Top of DATA FOR THE TASK
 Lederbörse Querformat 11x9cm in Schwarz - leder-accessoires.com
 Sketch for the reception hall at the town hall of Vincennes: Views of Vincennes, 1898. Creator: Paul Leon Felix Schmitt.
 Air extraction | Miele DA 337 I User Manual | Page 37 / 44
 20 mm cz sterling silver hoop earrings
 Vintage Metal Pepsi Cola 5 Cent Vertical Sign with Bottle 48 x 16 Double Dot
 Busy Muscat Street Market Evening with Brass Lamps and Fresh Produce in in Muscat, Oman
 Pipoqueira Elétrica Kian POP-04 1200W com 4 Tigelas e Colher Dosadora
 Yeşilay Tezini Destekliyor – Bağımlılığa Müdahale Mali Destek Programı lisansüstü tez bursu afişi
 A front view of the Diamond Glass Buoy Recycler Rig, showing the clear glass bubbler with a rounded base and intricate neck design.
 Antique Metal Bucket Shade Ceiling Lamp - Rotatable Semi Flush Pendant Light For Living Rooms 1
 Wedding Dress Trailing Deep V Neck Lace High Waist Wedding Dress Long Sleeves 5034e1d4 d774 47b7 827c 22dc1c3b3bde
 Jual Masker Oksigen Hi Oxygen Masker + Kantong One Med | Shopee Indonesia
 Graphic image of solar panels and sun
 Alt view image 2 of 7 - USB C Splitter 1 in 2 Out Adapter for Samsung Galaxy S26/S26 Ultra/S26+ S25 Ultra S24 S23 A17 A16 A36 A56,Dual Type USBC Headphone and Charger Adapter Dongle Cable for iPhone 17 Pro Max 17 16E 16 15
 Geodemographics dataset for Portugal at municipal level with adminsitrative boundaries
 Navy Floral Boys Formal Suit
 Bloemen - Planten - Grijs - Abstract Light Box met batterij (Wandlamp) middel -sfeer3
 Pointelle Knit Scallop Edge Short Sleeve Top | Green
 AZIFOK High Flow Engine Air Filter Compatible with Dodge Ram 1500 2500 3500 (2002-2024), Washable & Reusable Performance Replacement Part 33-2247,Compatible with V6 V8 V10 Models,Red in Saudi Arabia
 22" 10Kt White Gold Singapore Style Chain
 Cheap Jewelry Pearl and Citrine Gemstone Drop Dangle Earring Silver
Bottom of DATA FOR THE TASK
**EXERCISE GOAL**.
Pull every line with the word "High" from the data.

**SOLUTION BELOW**.
 Wedding Dress Trailing Deep V Neck Lace High Waist Wedding Dress Long Sleeves 5034e1d4 d774 47b7 827c 22dc1c3b3bde
 AZIFOK High Flow Engine Air Filter Compatible with Dodge Ram 1500 2500 3500 (2002-2024), Washable & Reusable Performance Replacement Part 33-2247,Compatible with V6 V8 V10 Models,Red in Saudi Arabia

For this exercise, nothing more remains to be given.